The University of New Mexico Art Museum (sometimes referred to as the University Art Museum or UNM Art Museum) is an art museum at the University of New Mexico in Albuquerque. The museum's permanent collection includes nearly 30,000 objects, making it the largest collection of fine art in New Mexico.
In the early years following the opening of the museum in 1963, significant exhibitions were held of the work of Georgia O'Keeffe, Bror Julius Olsson Nordfeldt, Cady Wells, Andrew Dasburg, John Marin, and other Modernists.
Van Deren Coke was the founding director of the Art Museum. Robert O. Parks was another early Art Museum director.
Georgia O'Keeffe had included the University of New Mexico and another New Mexico museum in her will of 1979, but in a codicil signed in 1984 soon before her death deleted it. An agreement between the State of New Mexico and Juan Hamilton, O'Keeffe's companion and executor of the will, was made in 1986, when the state agreed to drop any challenge to the will in exchange for several O'Keeffe paintings.

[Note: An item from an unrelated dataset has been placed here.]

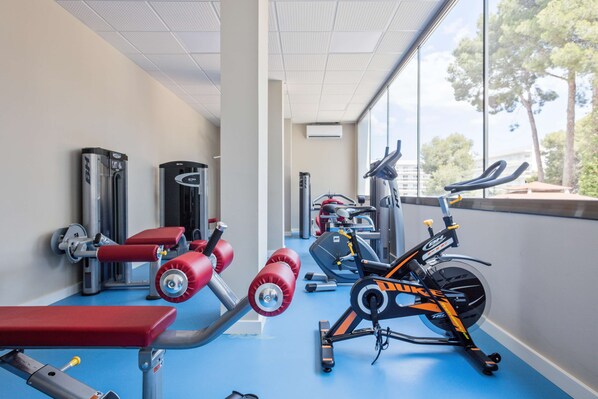 Une salle de sport équipée de divers appareils d’exercice, notamment un banc, des haltères et un appareil de musculation elliptique.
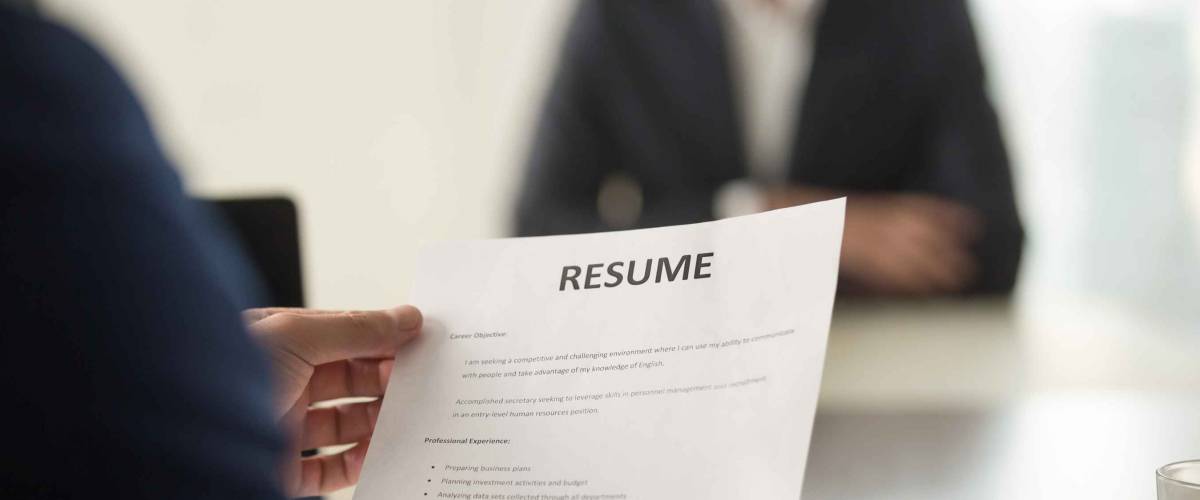 Close up view of job interview in office, focus on resume written at the top of a page.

The Art Museum's permanent collection includes the following collections:
Photographs and prints. This collection includes over 10,000 photographs (ranging from daguerreotypes to digital photographs) and over 17,000 prints (with a focus on lithographs). The earliest prints date to the Nuremberg Chronicle, which appeared in 1493. Many of the museum's photographs, prints, and early cased objects are housed in the museum's Beaumont Newhall Study Room.